───── Given information ─────
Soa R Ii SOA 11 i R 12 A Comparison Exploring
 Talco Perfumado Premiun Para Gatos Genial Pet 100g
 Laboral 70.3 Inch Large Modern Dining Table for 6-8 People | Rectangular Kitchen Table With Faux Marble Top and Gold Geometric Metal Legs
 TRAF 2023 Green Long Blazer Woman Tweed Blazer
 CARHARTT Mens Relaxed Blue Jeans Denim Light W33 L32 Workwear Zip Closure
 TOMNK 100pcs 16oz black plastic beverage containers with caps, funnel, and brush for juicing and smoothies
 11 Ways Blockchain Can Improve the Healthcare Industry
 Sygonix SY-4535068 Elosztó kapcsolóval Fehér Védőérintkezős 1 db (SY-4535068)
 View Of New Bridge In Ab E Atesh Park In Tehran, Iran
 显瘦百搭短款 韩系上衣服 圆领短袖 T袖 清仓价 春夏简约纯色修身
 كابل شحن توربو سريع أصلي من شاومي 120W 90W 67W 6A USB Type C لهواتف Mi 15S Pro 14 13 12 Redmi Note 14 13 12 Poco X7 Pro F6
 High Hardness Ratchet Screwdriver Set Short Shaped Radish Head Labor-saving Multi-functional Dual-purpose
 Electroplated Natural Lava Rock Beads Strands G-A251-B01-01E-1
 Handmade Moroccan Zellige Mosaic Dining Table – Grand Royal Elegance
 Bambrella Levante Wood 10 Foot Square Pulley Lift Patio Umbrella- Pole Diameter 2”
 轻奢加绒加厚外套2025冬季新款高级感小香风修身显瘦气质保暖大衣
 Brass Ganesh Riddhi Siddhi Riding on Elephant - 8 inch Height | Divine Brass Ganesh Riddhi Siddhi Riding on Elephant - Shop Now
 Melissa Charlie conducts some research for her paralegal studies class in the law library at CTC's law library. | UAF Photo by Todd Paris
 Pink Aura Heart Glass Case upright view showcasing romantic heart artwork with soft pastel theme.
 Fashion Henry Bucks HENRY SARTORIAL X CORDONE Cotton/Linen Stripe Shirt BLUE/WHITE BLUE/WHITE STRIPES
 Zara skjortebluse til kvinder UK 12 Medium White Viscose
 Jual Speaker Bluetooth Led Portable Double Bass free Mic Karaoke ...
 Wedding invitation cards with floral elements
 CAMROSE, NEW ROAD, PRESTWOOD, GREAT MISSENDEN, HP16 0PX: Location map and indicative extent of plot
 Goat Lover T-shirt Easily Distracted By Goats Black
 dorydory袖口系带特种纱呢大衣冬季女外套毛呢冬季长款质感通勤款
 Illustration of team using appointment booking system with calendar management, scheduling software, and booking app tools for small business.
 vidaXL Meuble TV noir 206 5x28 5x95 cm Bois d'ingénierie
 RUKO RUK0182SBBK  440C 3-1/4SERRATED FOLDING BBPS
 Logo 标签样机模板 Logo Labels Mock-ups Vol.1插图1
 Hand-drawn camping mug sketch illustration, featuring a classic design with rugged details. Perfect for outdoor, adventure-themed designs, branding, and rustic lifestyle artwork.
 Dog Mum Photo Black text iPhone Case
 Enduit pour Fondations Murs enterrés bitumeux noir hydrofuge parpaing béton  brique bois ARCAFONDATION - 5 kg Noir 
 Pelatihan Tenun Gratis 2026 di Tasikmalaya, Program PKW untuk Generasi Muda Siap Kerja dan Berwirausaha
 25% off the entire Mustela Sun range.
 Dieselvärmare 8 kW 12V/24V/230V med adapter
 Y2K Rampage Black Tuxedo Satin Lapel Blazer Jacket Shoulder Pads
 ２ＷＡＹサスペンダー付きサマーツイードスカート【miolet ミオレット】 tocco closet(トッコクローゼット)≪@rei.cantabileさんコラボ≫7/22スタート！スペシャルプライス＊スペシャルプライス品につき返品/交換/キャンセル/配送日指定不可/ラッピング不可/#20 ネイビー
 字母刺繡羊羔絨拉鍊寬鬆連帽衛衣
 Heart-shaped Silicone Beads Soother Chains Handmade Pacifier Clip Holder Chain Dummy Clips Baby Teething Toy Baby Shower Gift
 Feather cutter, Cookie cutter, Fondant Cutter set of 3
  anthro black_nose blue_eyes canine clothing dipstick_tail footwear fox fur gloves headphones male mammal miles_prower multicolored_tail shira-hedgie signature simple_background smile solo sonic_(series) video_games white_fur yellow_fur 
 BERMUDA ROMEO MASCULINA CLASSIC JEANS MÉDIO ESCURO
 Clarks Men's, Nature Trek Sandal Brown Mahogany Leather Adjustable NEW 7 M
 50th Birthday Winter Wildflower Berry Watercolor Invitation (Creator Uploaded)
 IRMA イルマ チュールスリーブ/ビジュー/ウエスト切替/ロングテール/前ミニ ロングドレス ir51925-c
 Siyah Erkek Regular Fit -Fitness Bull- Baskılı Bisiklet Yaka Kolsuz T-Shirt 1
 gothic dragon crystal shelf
─────
◆ **What you have to do**: Word for word, restate each line of the material.

◆ **Written solution**:
Soa R Ii SOA 11 i R 12 A Comparison Exploring
 Talco Perfumado Premiun Para Gatos Genial Pet 100g
 Laboral 70.3 Inch Large Modern Dining Table for 6-8 People | Rectangular Kitchen Table With Faux Marble Top and Gold Geometric Metal Legs
 TRAF 2023 Green Long Blazer Woman Tweed Blazer
 CARHARTT Mens Relaxed Blue Jeans Denim Light W33 L32 Workwear Zip Closure
 TOMNK 100pcs 16oz black plastic beverage containers with caps, funnel, and brush for juicing and smoothies
 11 Ways Blockchain Can Improve the Healthcare Industry
 Sygonix SY-4535068 Elosztó kapcsolóval Fehér Védőérintkezős 1 db (SY-4535068)
 View Of New Bridge In Ab E Atesh Park In Tehran, Iran
 显瘦百搭短款 韩系上衣服 圆领短袖 T袖 清仓价 春夏简约纯色修身
 كابل شحن توربو سريع أصلي من شاومي 120W 90W 67W 6A USB Type C لهواتف Mi 15S Pro 14 13 12 Redmi Note 14 13 12 Poco X7 Pro F6
 High Hardness Ratchet Screwdriver Set Short Shaped Radish Head Labor-saving Multi-functional Dual-purpose
 Electroplated Natural Lava Rock Beads Strands G-A251-B01-01E-1
 Handmade Moroccan Zellige Mosaic Dining Table – Grand Royal Elegance
 Bambrella Levante Wood 10 Foot Square Pulley Lift Patio Umbrella- Pole Diameter 2”
 轻奢加绒加厚外套2025冬季新款高级感小香风修身显瘦气质保暖大衣
 Brass Ganesh Riddhi Siddhi Riding on Elephant - 8 inch Height | Divine Brass Ganesh Riddhi Siddhi Riding on Elephant - Shop Now
 Melissa Charlie conducts some research for her paralegal studies class in the law library at CTC's law library. | UAF Photo by Todd Paris
 Pink Aura Heart Glass Case upright view showcasing romantic heart artwork with soft pastel theme.
 Fashion Henry Bucks HENRY SARTORIAL X CORDONE Cotton/Linen Stripe Shirt BLUE/WHITE BLUE/WHITE STRIPES
 Zara skjortebluse til kvinder UK 12 Medium White Viscose
 Jual Speaker Bluetooth Led Portable Double Bass free Mic Karaoke ...
 Wedding invitation cards with floral elements
 CAMROSE, NEW ROAD, PRESTWOOD, GREAT MISSENDEN, HP16 0PX: Location map and indicative extent of plot
 Goat Lover T-shirt Easily Distracted By Goats Black
 dorydory袖口系带特种纱呢大衣冬季女外套毛呢冬季长款质感通勤款
 Illustration of team using appointment booking system with calendar management, scheduling software, and booking app tools for small business.
 vidaXL Meuble TV noir 206 5x28 5x95 cm Bois d'ingénierie
 RUKO RUK0182SBBK  440C 3-1/4SERRATED FOLDING BBPS
 Logo 标签样机模板 Logo Labels Mock-ups Vol.1插图1
 Hand-drawn camping mug sketch illustration, featuring a classic design with rugged details. Perfect for outdoor, adventure-themed designs, branding, and rustic lifestyle artwork.
 Dog Mum Photo Black text iPhone Case
 Enduit pour Fondations Murs enterrés bitumeux noir hydrofuge parpaing béton  brique bois ARCAFONDATION - 5 kg Noir 
 Pelatihan Tenun Gratis 2026 di Tasikmalaya, Program PKW untuk Generasi Muda Siap Kerja dan Berwirausaha
 25% off the entire Mustela Sun range.
 Dieselvärmare 8 kW 12V/24V/230V med adapter
 Y2K Rampage Black Tuxedo Satin Lapel Blazer Jacket Shoulder Pads
 ２ＷＡＹサスペンダー付きサマーツイードスカート【miolet ミオレット】 tocco closet(トッコクローゼット)≪@rei.cantabileさんコラボ≫7/22スタート！スペシャルプライス＊スペシャルプライス品につき返品/交換/キャンセル/配送日指定不可/ラッピング不可/#20 ネイビー
 字母刺繡羊羔絨拉鍊寬鬆連帽衛衣
 Heart-shaped Silicone Beads Soother Chains Handmade Pacifier Clip Holder Chain Dummy Clips Baby Teething Toy Baby Shower Gift
 Feather cutter, Cookie cutter, Fondant Cutter set of 3
  anthro black_nose blue_eyes canine clothing dipstick_tail footwear fox fur gloves headphones male mammal miles_prower multicolored_tail shira-hedgie signature simple_background smile solo sonic_(series) video_games white_fur yellow_fur 
 BERMUDA ROMEO MASCULINA CLASSIC JEANS MÉDIO ESCURO
 Clarks Men's, Nature Trek Sandal Brown Mahogany Leather Adjustable NEW 7 M
 50th Birthday Winter Wildflower Berry Watercolor Invitation (Creator Uploaded)
 IRMA イルマ チュールスリーブ/ビジュー/ウエスト切替/ロングテール/前ミニ ロングドレス ir51925-c
 Siyah Erkek Regular Fit -Fitness Bull- Baskılı Bisiklet Yaka Kolsuz T-Shirt 1
 gothic dragon crystal shelf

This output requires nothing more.